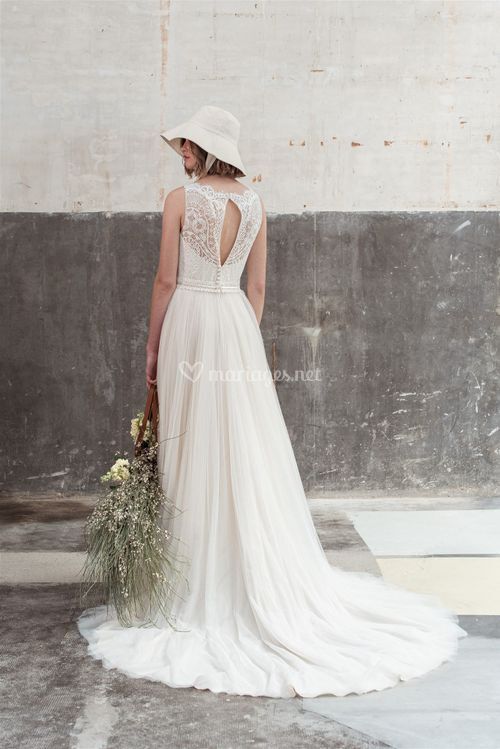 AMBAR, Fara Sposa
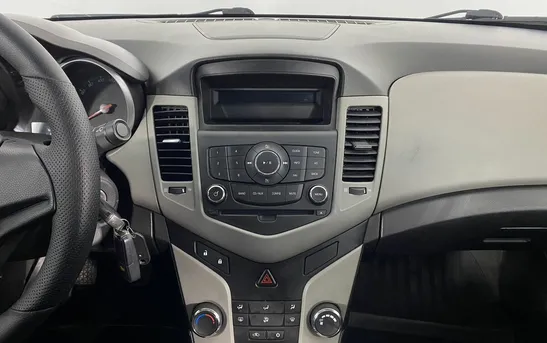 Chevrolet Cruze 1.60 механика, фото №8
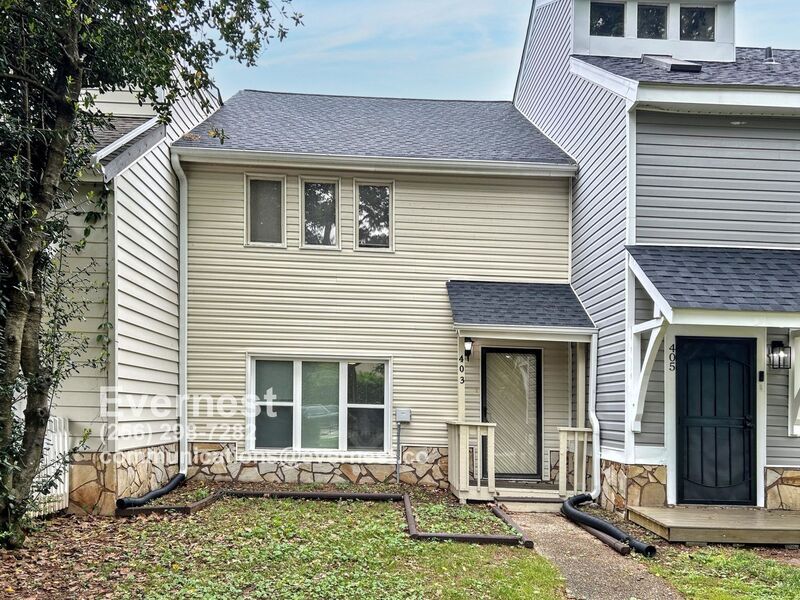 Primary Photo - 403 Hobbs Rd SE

§ Exercise
Return the whole of the material above exactly, with no picture carried over.

§ Task result
 AMBAR, Fara Sposa
 Chevrolet Cruze 1.60 механика, фото №8
 Primary Photo - 403 Hobbs Rd SE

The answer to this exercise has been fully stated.